§ What is expected
Could you print the listing again exactly, omitting the pictures?

:: Dataset extract ::

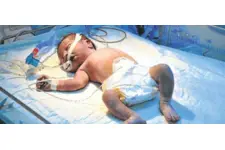 Bebeklerde Kasık Fıtığı Ameliyatı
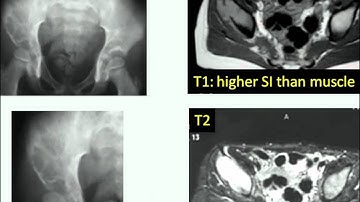 BONE TUMOR IMAGING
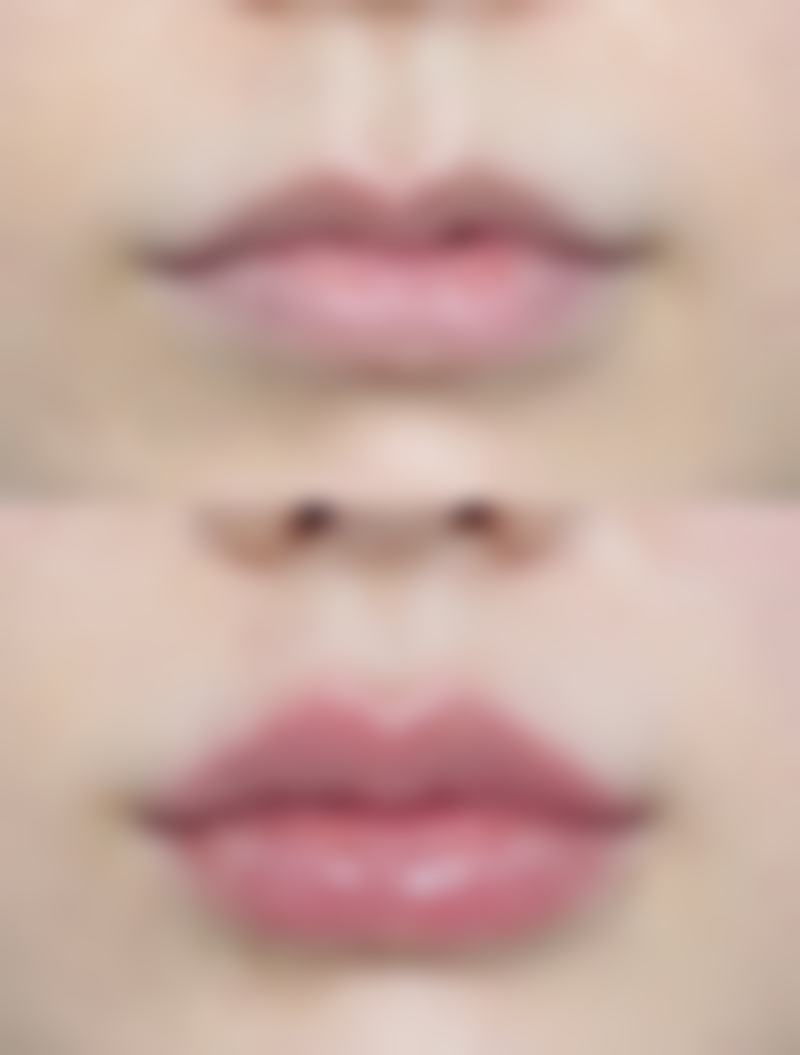 蚌埠欣悦整形医疗美容真人口碑评价怎么样?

:::

§ Task response
 Bebeklerde Kasık Fıtığı Ameliyatı
 BONE TUMOR IMAGING
 蚌埠欣悦整形医疗美容真人口碑评价怎么样?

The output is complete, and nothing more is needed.